*** Opening EXTRACTED DATA ***

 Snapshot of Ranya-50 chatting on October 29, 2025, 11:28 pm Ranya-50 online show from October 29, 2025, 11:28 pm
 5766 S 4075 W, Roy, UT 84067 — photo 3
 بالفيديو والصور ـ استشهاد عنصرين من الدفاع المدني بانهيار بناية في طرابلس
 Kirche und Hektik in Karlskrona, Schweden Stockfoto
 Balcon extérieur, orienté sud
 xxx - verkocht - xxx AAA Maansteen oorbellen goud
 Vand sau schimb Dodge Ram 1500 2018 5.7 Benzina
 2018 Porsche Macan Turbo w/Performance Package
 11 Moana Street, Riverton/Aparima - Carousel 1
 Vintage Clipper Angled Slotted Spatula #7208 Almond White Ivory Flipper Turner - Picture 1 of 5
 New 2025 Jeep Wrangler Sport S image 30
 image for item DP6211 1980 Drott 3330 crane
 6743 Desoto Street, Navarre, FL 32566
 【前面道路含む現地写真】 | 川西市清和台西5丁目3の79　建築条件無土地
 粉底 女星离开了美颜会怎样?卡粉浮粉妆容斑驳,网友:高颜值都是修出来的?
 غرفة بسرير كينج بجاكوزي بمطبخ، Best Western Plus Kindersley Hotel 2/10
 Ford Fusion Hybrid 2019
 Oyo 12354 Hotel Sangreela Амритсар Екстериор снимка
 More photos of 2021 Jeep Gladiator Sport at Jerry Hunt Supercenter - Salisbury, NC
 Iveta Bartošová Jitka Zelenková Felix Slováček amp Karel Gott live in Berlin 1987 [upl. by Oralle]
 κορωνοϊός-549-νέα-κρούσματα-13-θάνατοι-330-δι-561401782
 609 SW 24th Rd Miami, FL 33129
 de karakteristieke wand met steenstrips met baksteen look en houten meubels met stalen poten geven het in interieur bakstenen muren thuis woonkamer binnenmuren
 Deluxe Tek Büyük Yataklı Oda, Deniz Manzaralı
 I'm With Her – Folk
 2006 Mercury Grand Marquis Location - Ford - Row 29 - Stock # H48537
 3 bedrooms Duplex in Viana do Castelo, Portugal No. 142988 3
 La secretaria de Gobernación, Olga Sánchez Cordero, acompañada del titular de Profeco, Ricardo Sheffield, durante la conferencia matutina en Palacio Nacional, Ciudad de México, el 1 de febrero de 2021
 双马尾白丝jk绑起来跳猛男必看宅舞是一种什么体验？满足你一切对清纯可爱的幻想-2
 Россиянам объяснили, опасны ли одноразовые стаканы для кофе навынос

*** Closing EXTRACTED DATA ***

TASK BRIEF
Begin at the first line of the entries above and copy every line exactly, ending with the line that contains "Ford Fusion Hybrid 2019".

RESPONSE TO THE TASK
 Snapshot of Ranya-50 chatting on October 29, 2025, 11:28 pm Ranya-50 online show from October 29, 2025, 11:28 pm
 5766 S 4075 W, Roy, UT 84067 — photo 3
 بالفيديو والصور ـ استشهاد عنصرين من الدفاع المدني بانهيار بناية في طرابلس
 Kirche und Hektik in Karlskrona, Schweden Stockfoto
 Balcon extérieur, orienté sud
 xxx - verkocht - xxx AAA Maansteen oorbellen goud
 Vand sau schimb Dodge Ram 1500 2018 5.7 Benzina
 2018 Porsche Macan Turbo w/Performance Package
 11 Moana Street, Riverton/Aparima - Carousel 1
 Vintage Clipper Angled Slotted Spatula #7208 Almond White Ivory Flipper Turner - Picture 1 of 5
 New 2025 Jeep Wrangler Sport S image 30
 image for item DP6211 1980 Drott 3330 crane
 6743 Desoto Street, Navarre, FL 32566
 【前面道路含む現地写真】 | 川西市清和台西5丁目3の79　建築条件無土地
 粉底 女星离开了美颜会怎样?卡粉浮粉妆容斑驳,网友:高颜值都是修出来的?
 غرفة بسرير كينج بجاكوزي بمطبخ، Best Western Plus Kindersley Hotel 2/10
 Ford Fusion Hybrid 2019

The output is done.